#### [Dataset extract]
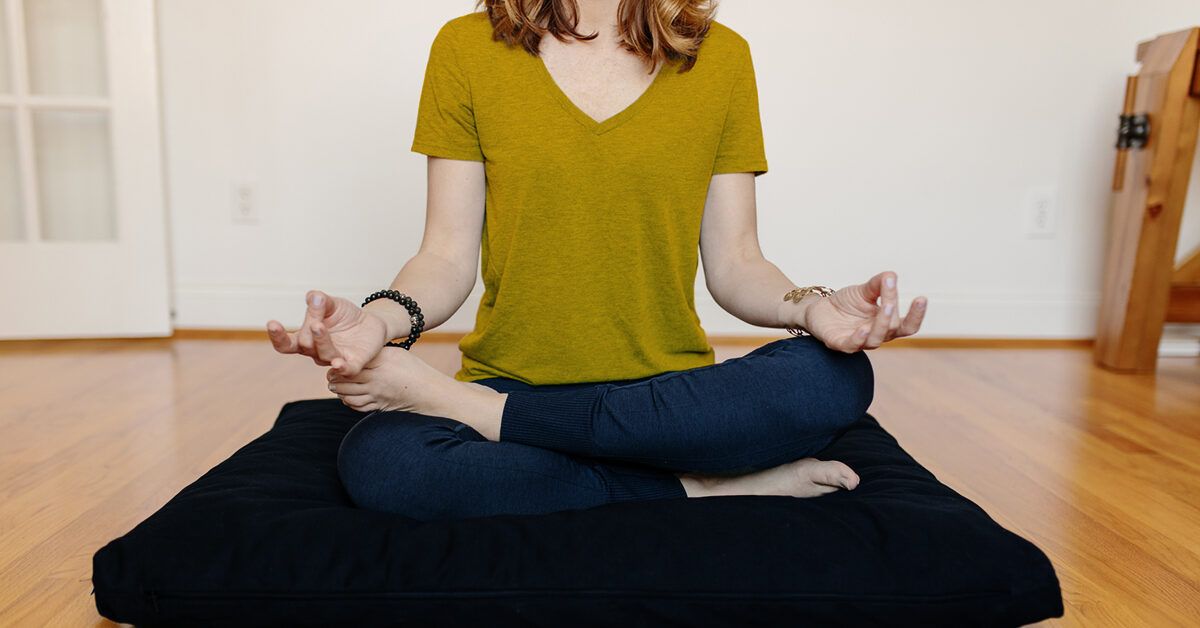 https://media.post.rvohealth.io/wp-content/uploads/sites/4/2021/08/cropped-woman-sitting-cross-legged-meditating-pillow-1200x628-facebook-1200x628.jpg
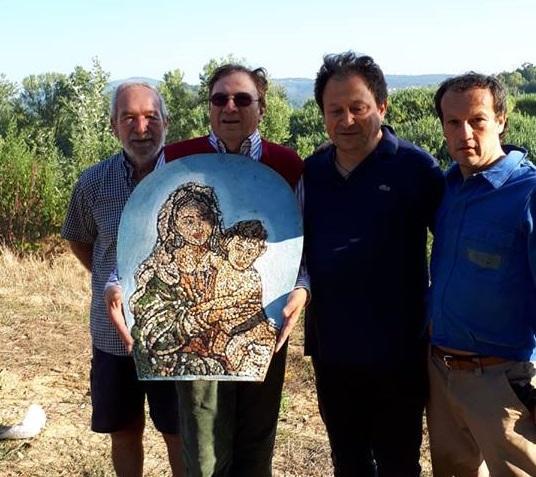 I volontari con la Madonna ritrovata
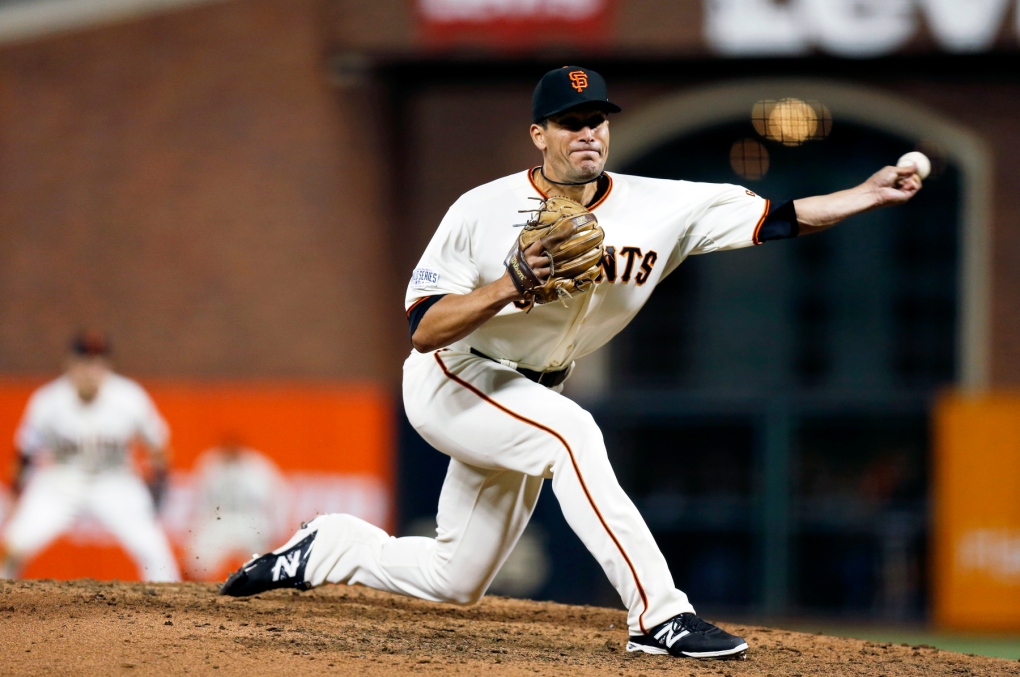 Giants pitcher Javier Lopez throws during Game 3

#### [Instructions for the task]
Could the listing above be transcribed exactly, with the pictures left out?

#### [Result below]
 https://media.post.rvohealth.io/wp-content/uploads/sites/4/2021/08/cropped-woman-sitting-cross-legged-meditating-pillow-1200x628-facebook-1200x628.jpg
 I volontari con la Madonna ritrovata
 Giants pitcher Javier Lopez throws during Game 3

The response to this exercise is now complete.